The needle that Raimi is threading in this whole thing is between dynamic, lively filmmaking, and serving the kind of Marvel-brain that gives characters payoffs on journeys that started six films ago. More so than anything else it’s probably a matter of controlling your expectations. If you understand where Marvel head honcho Kevin Feige will stay hands-off (and where he won’t), Madness will read as a fun, genre-y bend of the unbending Marvel Blockbuster, and not another overstuffed drudge that just happens to have some scenes they let Sam Raimi direct. It’s a movie bound by the narrative and stylistic continuity of its universe, but it’s also got real visual and formal invention, proper moments of tension, and a surprisingly gonzo sensibility.
Without prior knowledge of it being Raimi in the chair, you’d be forgiven for wondering what’s going on at Marvel. It’s far from earth-shattering (and I’ll be rolling my eyes at the inevitable “an MCU horror movie!” labels), but you can really feel him go for the shocks and the discomfort in there at times, and that is a far cry from MCU house style. Raimi is certainly a more anarchic hand than the MCU brains trust seems to have bargained for, and he shakes the tree enough times here that I couldn’t help but grin. It’s invigorating. I mean, this movie sees one character splattered with oily robotic ‘blood’ and another impaled on a wrought iron fence, a number of very Sam-Raimi ‘projectile camera’ shots, an eyeball ejected from its socket in full view, and a battle between two characters conjuring musical notes at each other.

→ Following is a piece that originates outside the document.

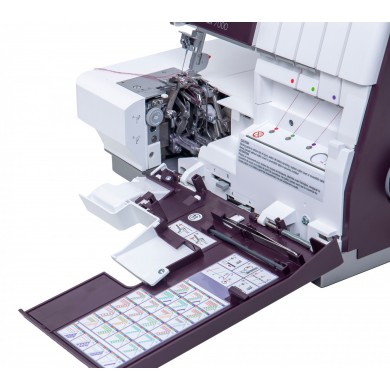 Pfaff Admire AIR 7000 Overlock with cover stitch and threading...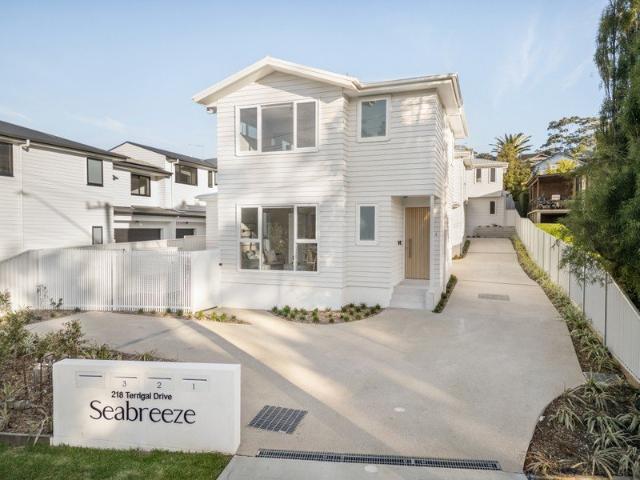Luxury living at the new Seabreeze Terrigal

It's that cheeky/gruesome combo, so characteristic of this director, that feels genuinely new in an MCU film. I’m aware that what I’m identifying so warmly is just the footprint of an Actual Filmmaker on a movie like this. Many people – those bored by marvel’s formula, and likewise those who love the MCU and feel it is being perverted here – will see Madness as unsatisfying for entirely opposing reasons. I just had a really fun time.